A legítima crítica ao Supremo

Ao contrário do que parecem pensar alguns ministros do Supremo Tribunal Federal (STF), criticar instituições democráticas não é necessariamente atacá-las ou ameaçá-las. Tampouco exigir sua autocontenção é ser extremista, e demandar que atuem conforme a lei não é deslegitimá-las. Ao contrário, quem faz tudo isso de boa-fé quer aperfeiçoá-las, isto é, quer instituições que não sejam ativistas, partidárias, arbitrárias, corporativistas ou pessoais.

Pode parecer ocioso dizer que o debate público num ambiente genuinamente democrático presume total liberdade para questionar o poder, mas nos tempos que correm, em que as críticas aos exageros do STF são tomadas como atentados ao Estado Democrático de Direito, é o caso de relembrar que a opinião não pode ser criminalizada.

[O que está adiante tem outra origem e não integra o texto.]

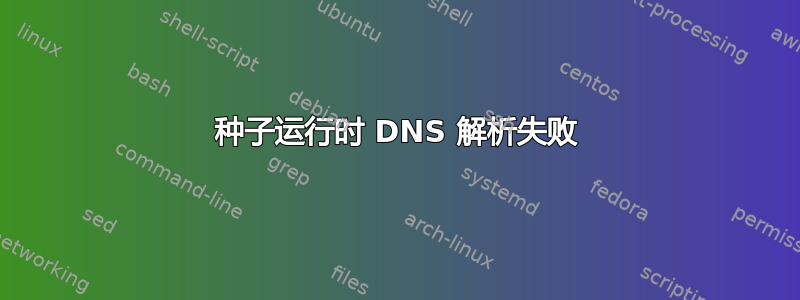 种子运行时 DNS 解析失败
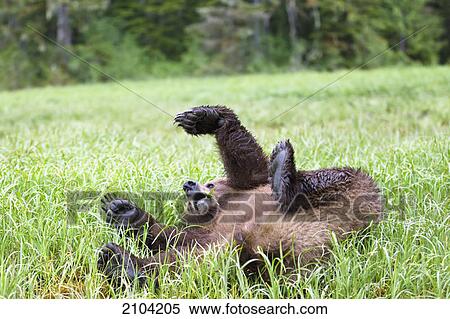 Stock Photography - Grizzly bear (ursus arctos horribilis) rolls on it's back at the khutzeymateen grizzly bear sanctuary near prince rupert; british columbia canada. Fotosearch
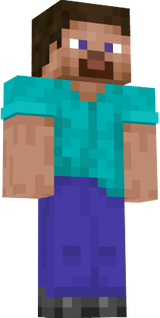 steve 2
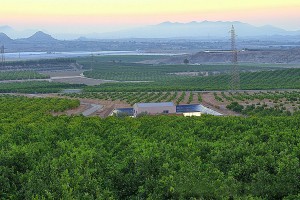 Huertos de naranjos / Orchards of oranges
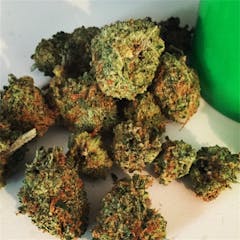 User uploaded image of Green Dream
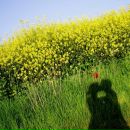 Фотография Чернова Сергея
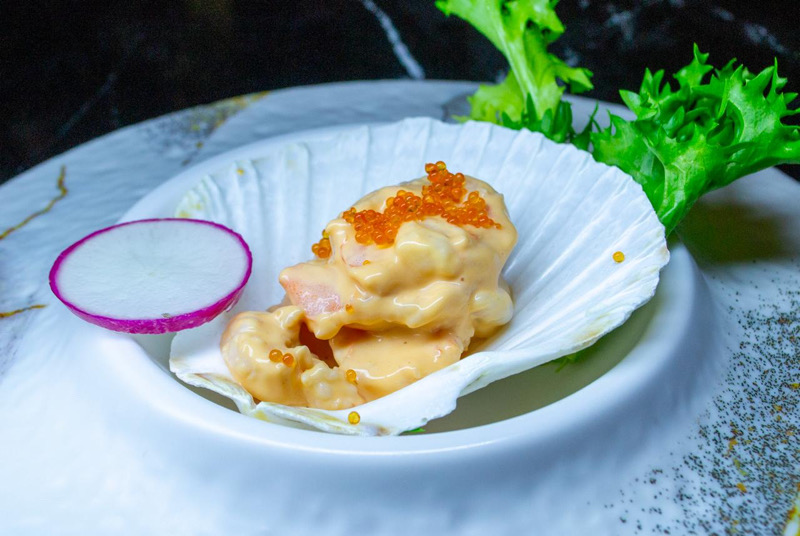 1504 SALSA EBI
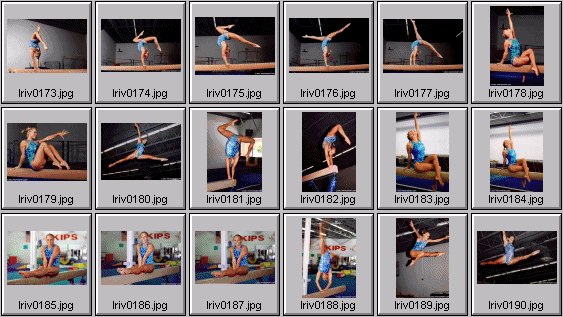 college womens gymnastics photos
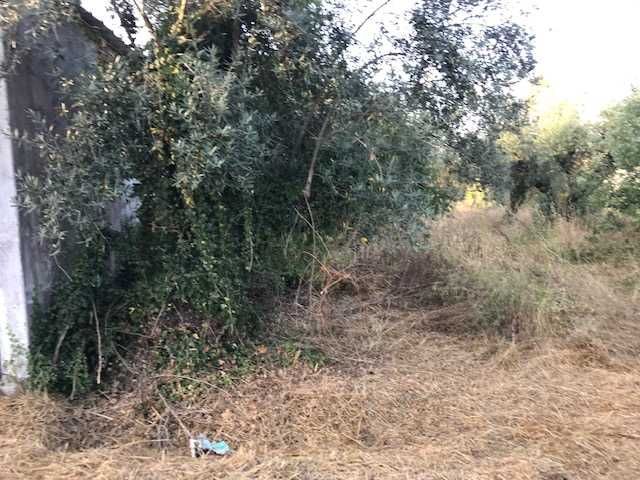 Armazém /Oficina com terreno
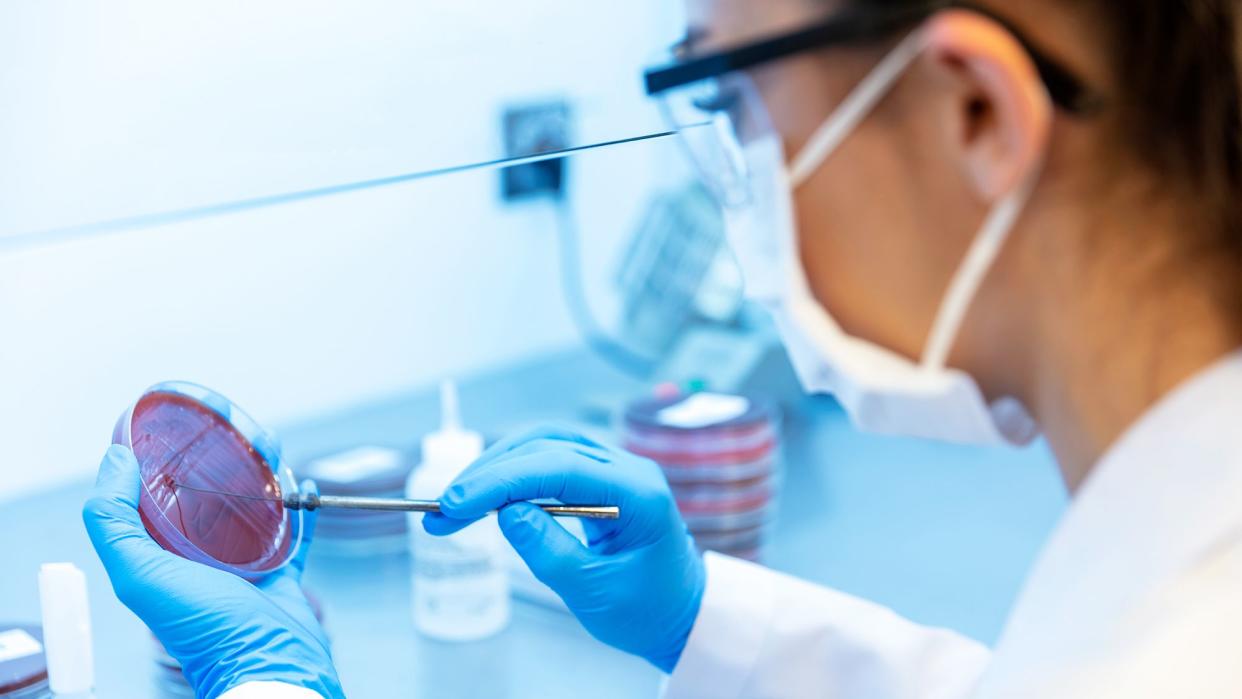 scientist analyzing sample in the laboratory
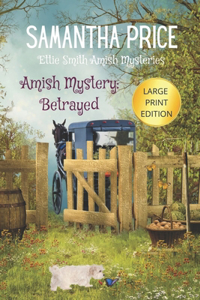 Amish Mystery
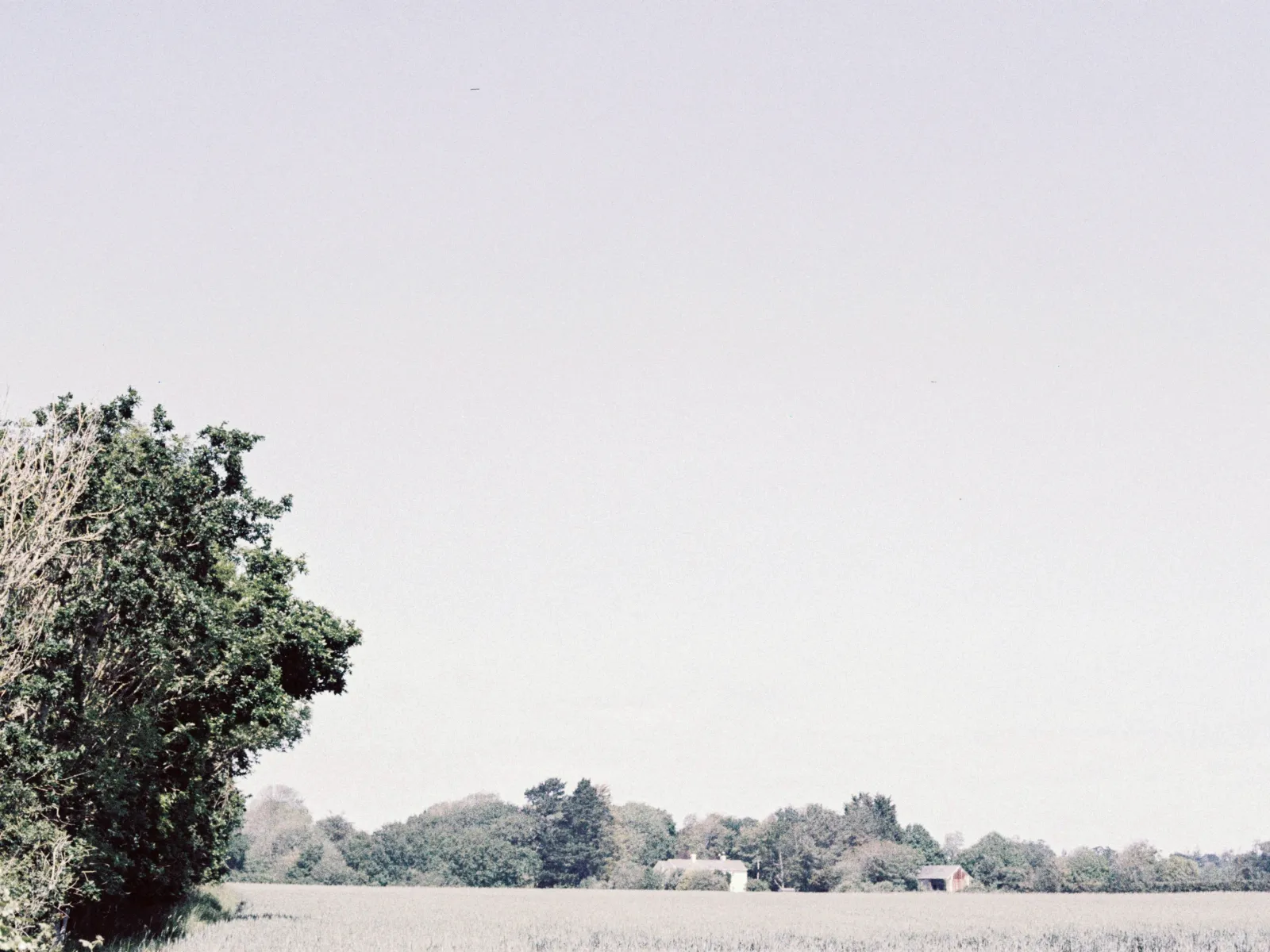 Home Inspectors in Lowry, SC, Chester, 29706 Home Inspections, Certified Home Inspectors, Residential and Commercial Home Inspections in Lowry, SC, Chester, 29706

É evidente que os liberticidas instrumentalizam a liberdade de opinião para propósitos indisfarçavelmente antidemocráticos. Quando um Jair Bolsonaro fala em “liberdade”, obviamente não é a liberdade no sentido liberal democrático, que garante a todos, indistintamente, o direito de questionar o Estado e suas instituições a qualquer tempo, e sim a “liberdade” de desmoralizar os pilares dessas instituições porque estas são um obstáculo para seus projetos autoritários de poder. Quando Bolsonaro invocava a liberdade de expressão para deliberadamente desacreditar o sistema de votação para presidente, a intenção evidente era atacar a alma da democracia, isto é, a ideia de que numa eleição comprovadamente limpa e justa os derrotados aceitam o resultado, reconhecendo a legitimidade do vencedor e de todas as instituições que corroboraram a vitória.

Do mesmo modo, não cabe ingenuidade a propósito das acusações do empresário Elon Musk a respeito de supostas arbitrariedades cometidas pelo Supremo contra sua rede social, o X (antigo Twitter), e seus usuários. Alinhado a extremistas de direita mundo afora, Musk se apresenta como um “absolutista da liberdade de expressão”, mas isso só vale quando lhe interessa – basta lembrar que ele condescendeu à exigência da ditadura turca de suspender perfis e tolera em sua rede perfis falsos a serviço da propaganda do governo chinês, com quem tem vultosos negócios. Suas contradições, contudo, não importam nem um pouco para a tropa bolsonarista, que o elevou à categoria de “mito da nossa liberdade”, nas palavras de Bolsonaro.

Essa algaravia bolsonarista, que é de fato golpista e antidemocrática, tem sido usada pelos mais loquazes ministros do Supremo como prova de uma alegada ameaça permanente e generalizada à democracia, justificando dessa forma medidas juridicamente exóticas, quando não inteiramente desprovidas de base legal, para conter essa ameaça. Num ambiente assim, qualquer opinião mais contundente em relação ao Supremo é logo caracterizada como “bolsonarista” e, por conseguinte, “golpista”.

É o caso, portanto, de insistir que nem toda crítica ao Supremo tem, subjacente, a intenção de destruir a democracia. Exigir que o Supremo seja mais claro a respeito dos parâmetros que adota para as medidas drásticas que tem tomado em sua missão autoatribuída de salvar a democracia brasileira não é, nem de longe, minar sua legitimidade. Ao contrário, é constranger o Supremo a seguir o que vai na Constituição, como se isso já não fosse sua obrigação precípua, justamente por ser o guardião do texto constitucional.

Portanto, quem tem minado a legitimidade do Supremo é o próprio Supremo, quando atropela sua própria jurisprudência, atua de modo claramente político, colabora para a insegurança jurídica e imiscui-se em questões próprias do Legislativo.

O Brasil testemunhou um surto de golpismo no 8 de Janeiro, mas hoje as instituições estão, como se diz, funcionando: o governo está governando; o Legislativo, legislando; e a imprensa, publicando; enquanto a polícia está nas ruas e o Exército, nos quartéis. Por que o Supremo segue em mobilização permanente, como se o País vivesse num 8 de Janeiro interminável? São questões legítimas, que nada têm de extremismo. Demandar a contenção do Supremo não é ser golpista, é só ser republicano.